Use old-version DataWorks - E-MapReduce - Alibaba Cloud Documentation Center

This tutorial teaches you how to use DataWorks with EMR Serverless Spark for big data development and analytics. You will experience DataWorks capabilities in Data Integration, Data Development, and Operation Center modules through a user profile analysis case.

Case introduction

To develop effective business strategies, you can obtain basic profile data of website users from their website activities. This data includes geographical and social attributes. You can analyze profile data by time and location to enable fine-grained operations on website traffic. This case uses DataWorks and E-MapReduce (EMR) Serverless Spark to complete data synchronization, data transformation, data management, and data consumption.

Note

To complete the steps in this tutorial, read Case objectives and design to understand the workflow of the user profile analysis case.

Data development platform

This case uses DataStudio (old version). Make sure your workspace is not participating in the public preview of the new DataStudio.

When you create a workspace, do not select Participate in Public Preview of DataStudio.
After February 18, 2025, the new DataStudio is enabled by default when you use an Alibaba Cloud account to activate DataWorks and create a workspace for the first time in the following regions.
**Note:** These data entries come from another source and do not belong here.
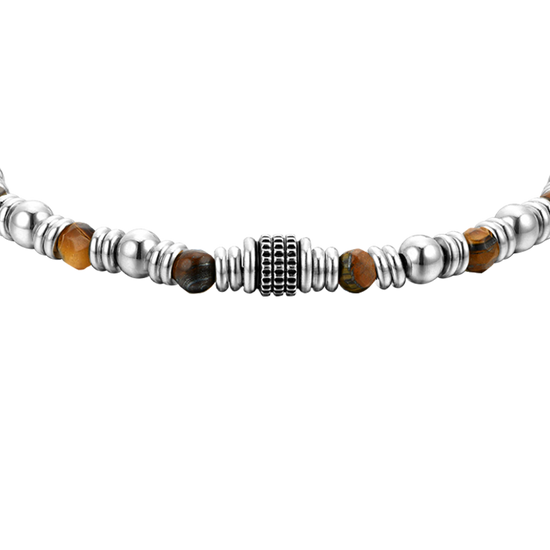 STEEL MEN'S BRACELET TIGER EYE STONES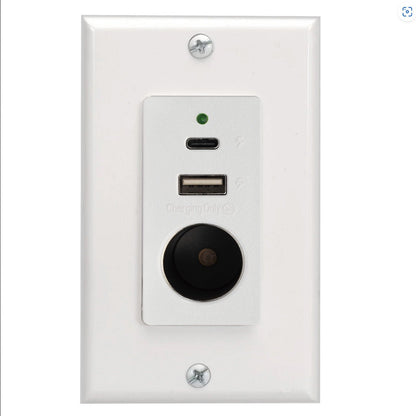 Magnadyne WCP-12VAC | Wall Mount Charger w/ 12V VPA Socket, USB A/C & Wall Plate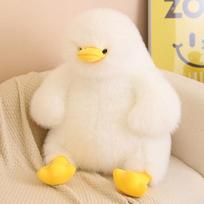 Dun Duck Plush Doll Large Grab Machine Exchange Doll Cute Squat Duck Plush Toy 45cm balta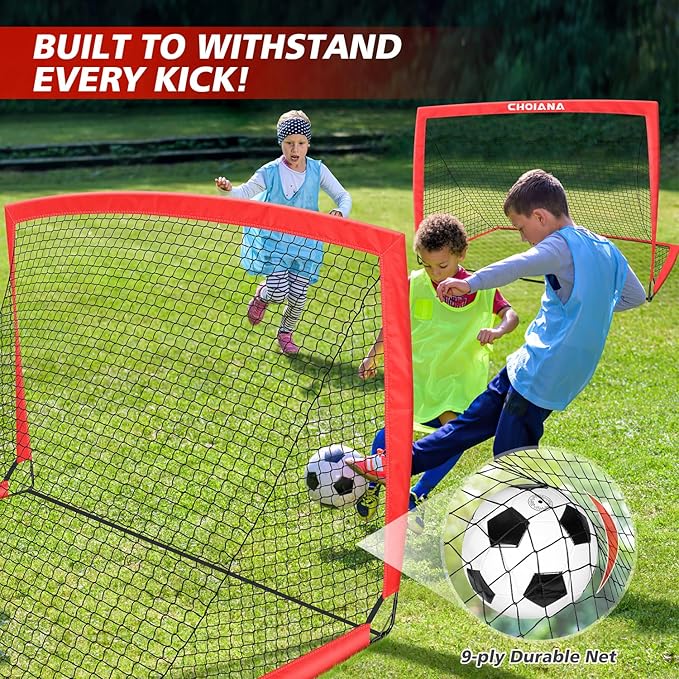 Kids Soccer Goals for Backyard Set of 2 6X4ft Portable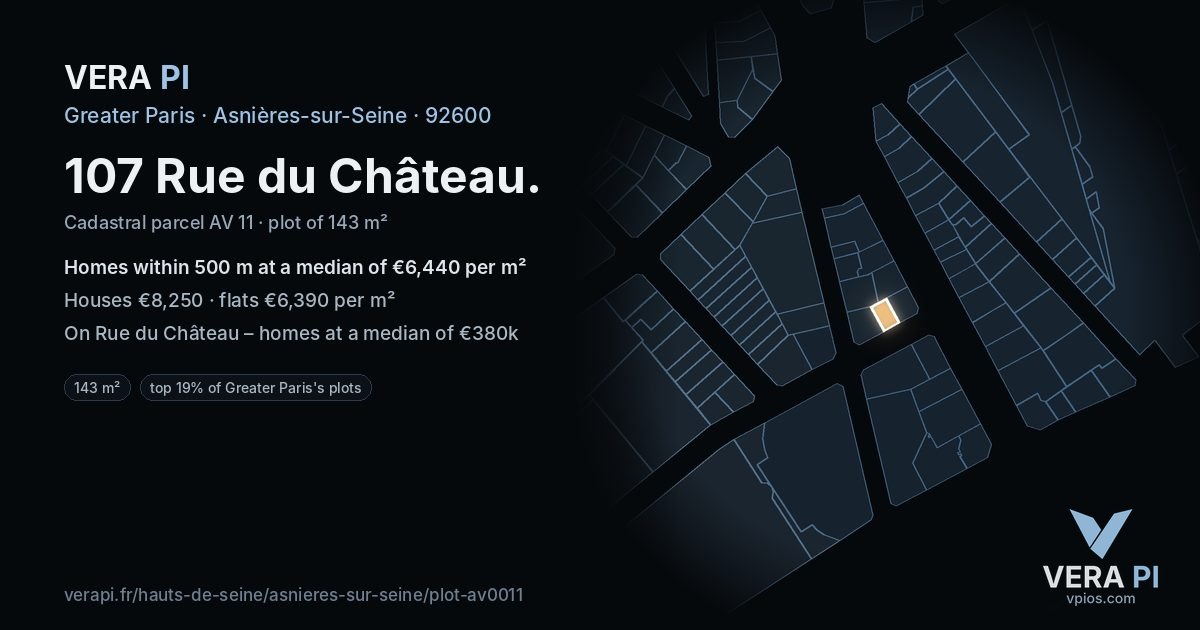 107 Rue du Château, Asnières-sur-Seine at night – the plot lit, the parcels around coloured by the prices near them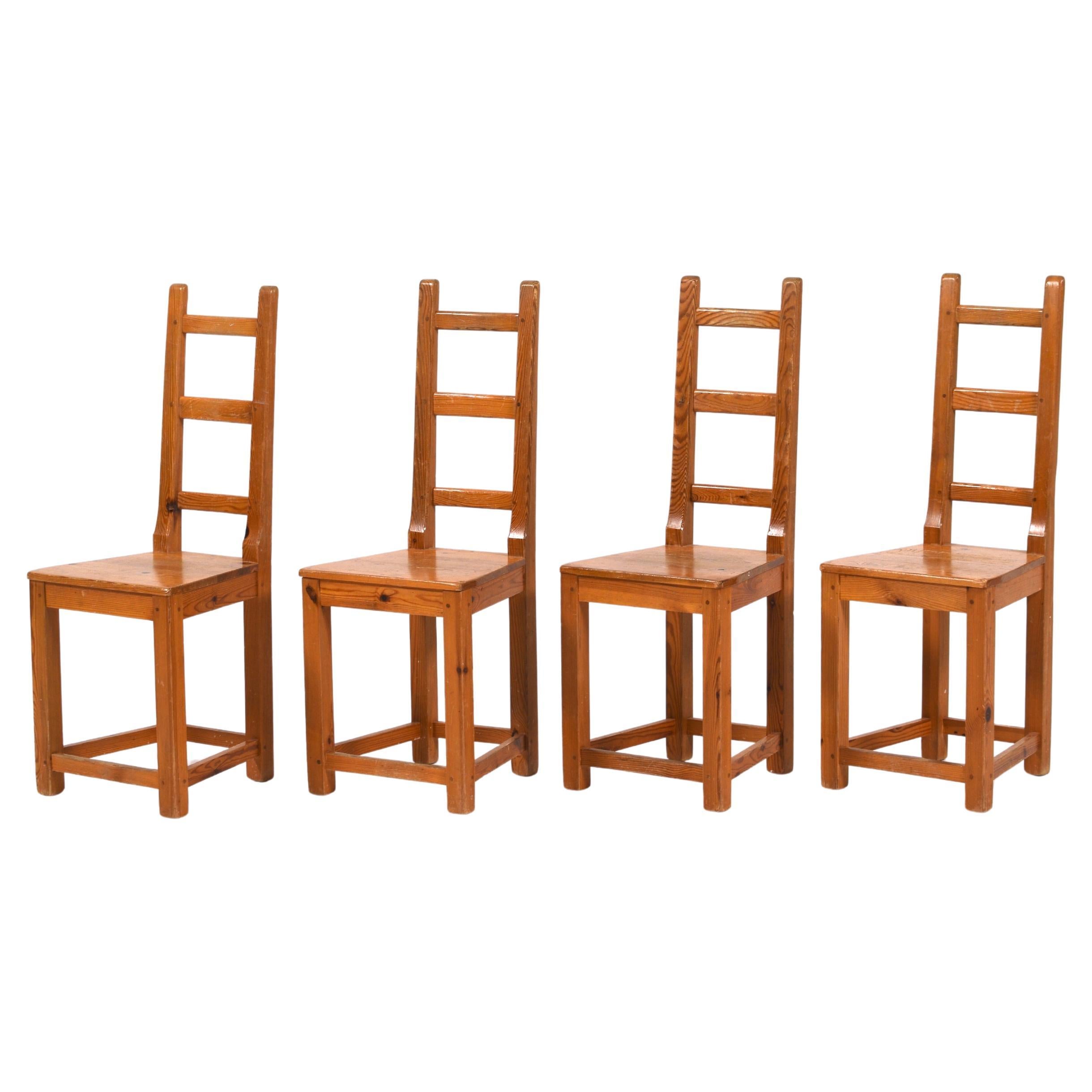 Set di 4 sedie da pranzo con schienale a scaletta in pino di Sven Larsson, 1970, Svezia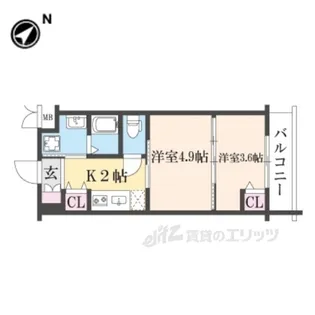 MJC京都ESTRUTH【5階】の間取り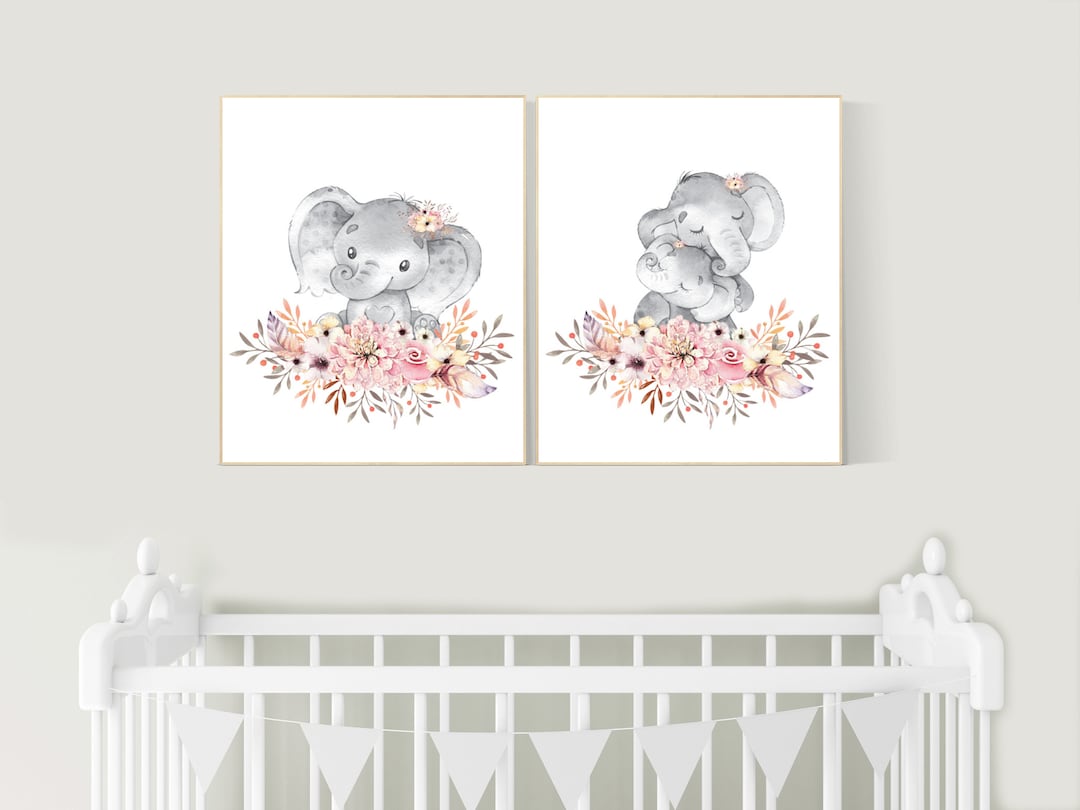 Nursery Decor Girl Boho Elephant Nursery Wall Art Nursery Etsy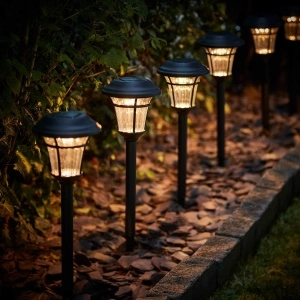 Set 6 Lampi Solare de gradina, awwaline, negru, Senzor de lumina, IP65 impermeabil, lumina LED calda, 3000K - Img 2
If the new DataStudio is already enabled by default for you, see the tutorial in Use the new DataStudio.
China (Hangzhou), China (Shanghai), China (Beijing), China (Zhangjiakou), China (Ulanqab), China (Shenzhen), China (Chengdu), China (Hong Kong), Japan (Tokyo), Singapore, Malaysia (Kuala Lumpur), Indonesia (Jakarta), Thailand (Bangkok), Germany (Frankfurt), UK (London), US (Silicon Valley), US (Virginia)

Procedure

Step 1: Prepare the environment
Create an EMR Serverless Spark workspace and a DataWorks workspace that are required for the tutorial, and configure the resource group and network settings.
Step 2: Synchronize data
Configure a data synchronization task in DataWorks to synchronize the basic user information and website access logs provided in the tutorial to a Spark computing resource, and query the synchronized data.
Step 3: Process data
Use EMR Spark SQL nodes in DataWorks to process the data in the basic user information table and access log table that are synchronized to Spark to obtain the desired user profile data.
Step 4: Monitor data quality
Configure a monitor for tables generated after data processing to help identify and intercept dirty data in advance to prevent the impacts of dirty data from escalating.
Step 5: Manage data
Data tables are generated in Spark after a user profile analysis task is complete. You can view the generated data tables and data lineages between the tables in Data Map.
Step 6: Consume data
After the user profile analysis is complete, use the data analytics module to visualize the processed data, allowing you to quickly extract key information and gain insights into business trends behind the data.